Start of Block

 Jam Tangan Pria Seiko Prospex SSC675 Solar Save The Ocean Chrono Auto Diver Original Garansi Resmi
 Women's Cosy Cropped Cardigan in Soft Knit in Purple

End of Block
Start of Block

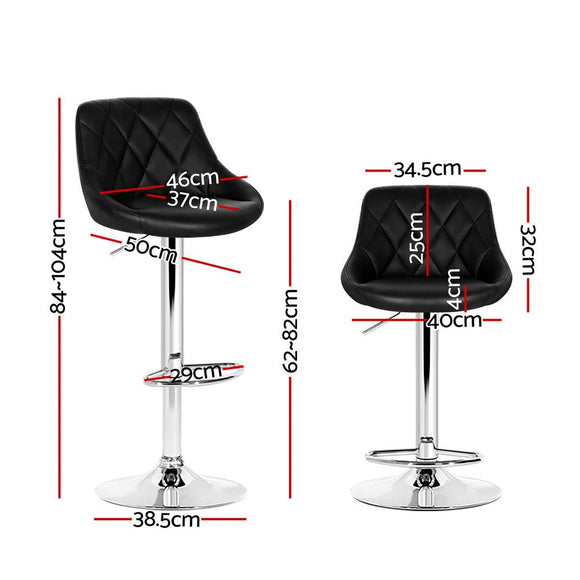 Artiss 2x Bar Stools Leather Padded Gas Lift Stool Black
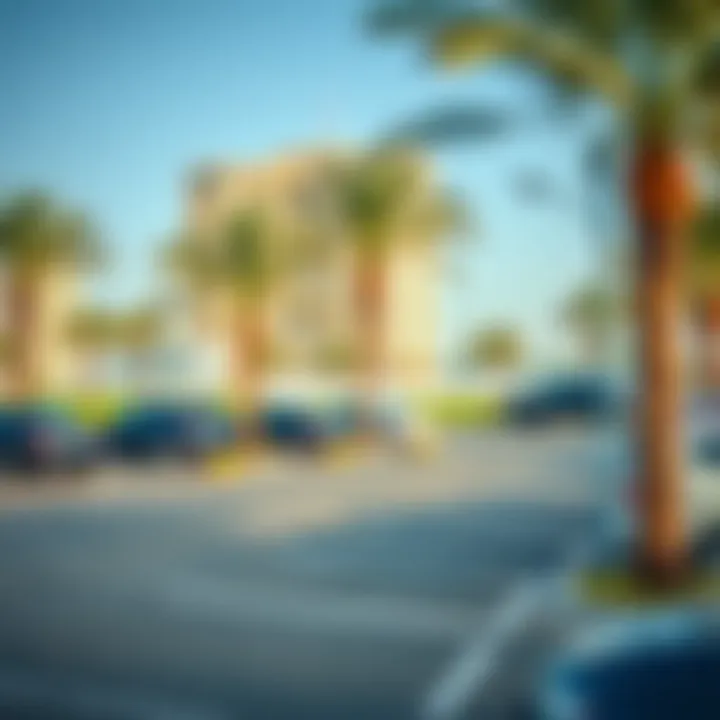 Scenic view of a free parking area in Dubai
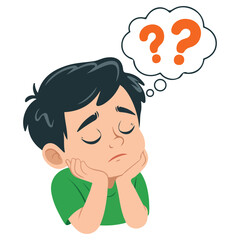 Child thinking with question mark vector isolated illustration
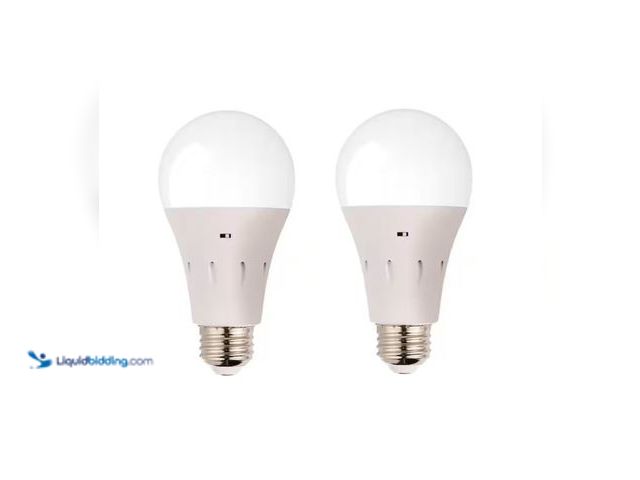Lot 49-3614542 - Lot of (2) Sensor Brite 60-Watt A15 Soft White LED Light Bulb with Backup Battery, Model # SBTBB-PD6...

End of Block
Start of Block

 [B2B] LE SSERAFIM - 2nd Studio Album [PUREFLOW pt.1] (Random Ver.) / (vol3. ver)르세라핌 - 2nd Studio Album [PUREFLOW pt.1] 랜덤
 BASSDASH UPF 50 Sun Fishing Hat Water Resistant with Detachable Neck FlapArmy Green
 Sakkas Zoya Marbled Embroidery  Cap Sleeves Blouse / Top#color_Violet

End of Block

*Work request*. Those lines of the records above that run from the one containing "Child thinking with" through the one containing "Lot 49-3614542 - Lot" should be returned exactly, with no pictures among them.

*Output for this exercise*.
 Child thinking with question mark vector isolated illustration
Lot 49-3614542 - Lot of (2) Sensor Brite 60-Watt A15 Soft White LED Light Bulb with Backup Battery, Model # SBTBB-PD6...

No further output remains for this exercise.